Education

Va. Centers Help Teachers Gear Up for Exams

By Jessica Portner — May 19, 1999 5 min read
  • Save to favorites
  • Print

It’s hardly the norm to see algebra teachers congregating in the school library here on a gorgeous Saturday morning debating how to best convey the meaning of x+3y=5 to their mathematically challenged students.

But the 15 teachers gathered in this rural town for a state-sponsored tutorial say this is hardly a normal month for Virginia schools.

This week and next, tens of thousands of students in Virginia’s 1,800 public schools will sit for the second round of high-stakes tests based on the state’s rigorous Standards of Learning. These algebra teachers say they don’t mind cramming on a weekend if their efforts add up to better test scores for their students this time around.

Nearly every school in the state--97 percent--flunked the first round of the tests administered last spring. The tests were given to 3rd, 5th, and 8th graders, and all high school students. (“Massive Failure Rates on New Tests Daze Va.,” Jan. 20, 1999.)

Only 40 percent of the high school students who took the Algebra 1 exam passed, one of the worst results on any subject. That’s a showing state leaders like Peter Hughes, who organized this weekend review session, don’t want to see repeated.
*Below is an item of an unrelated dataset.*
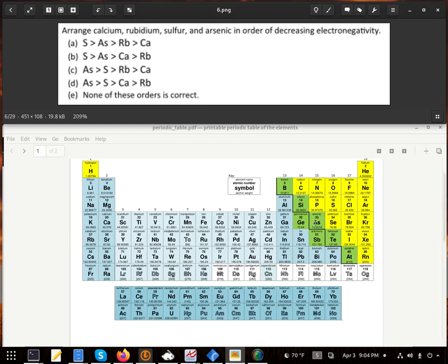We have sulfur and arsenic. Sulfur is closer to fluorine, so it's going to have the highest electronegativity, followed by arsenic. Then coming over here, we have rubidium and calcium. So the order would be: sulfur, arsenic, calcium, then rubidium.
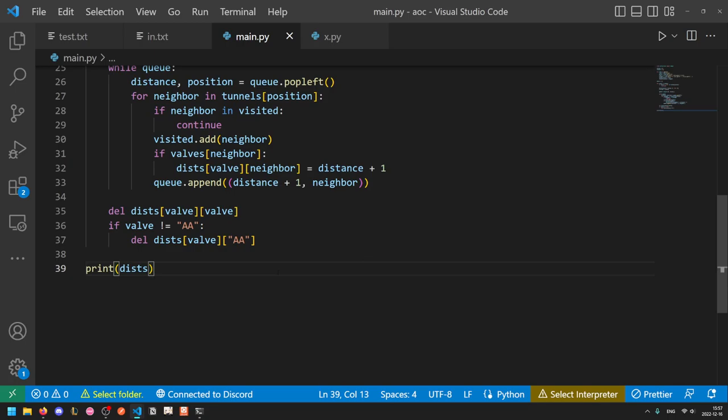So we're going to keep a cache so if we ever see the same state twice, we don't need to recompute everything. And we will reach the same state a lot of times because just in the example, if we brute force, we would go through AA, BB, DD, and then the remainder and also AA, DD, BB, and then the remainder. So we will need to cache because if we're in the same position and we have the same amount of time left and the same current valves are opened, we don't need to recompute anything. We already have the state because it's deterministic. So the problem here is that we can't store the remaining valves as a set because sets cannot be the index of a dictionary. We could store it as a tuple and just put things in sorted order, but that is quite slow. What we can actually do is something known as a bit mask.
“A lot of curriculum work is real grunt work. You have to get in and dig,” said Mr. Hughes, a director of one of the state’s new Best Practice Centers. “We have to put our heads together and make this work,” he said.

By 2004, students must pass a battery of state tests in four subject areas in order to graduate. Under the state’s accountability plan, a school will lose its accreditation unless 70 percent of its students pass the tests in four areas by 2007.

Virginia’s three Best Practice Centers--offshoots of the state education department--were launched last fall as regional hubs to help teachers and administrators share teaching strategies, write standards-based lesson plans, and analyze test scores to help improve student performance.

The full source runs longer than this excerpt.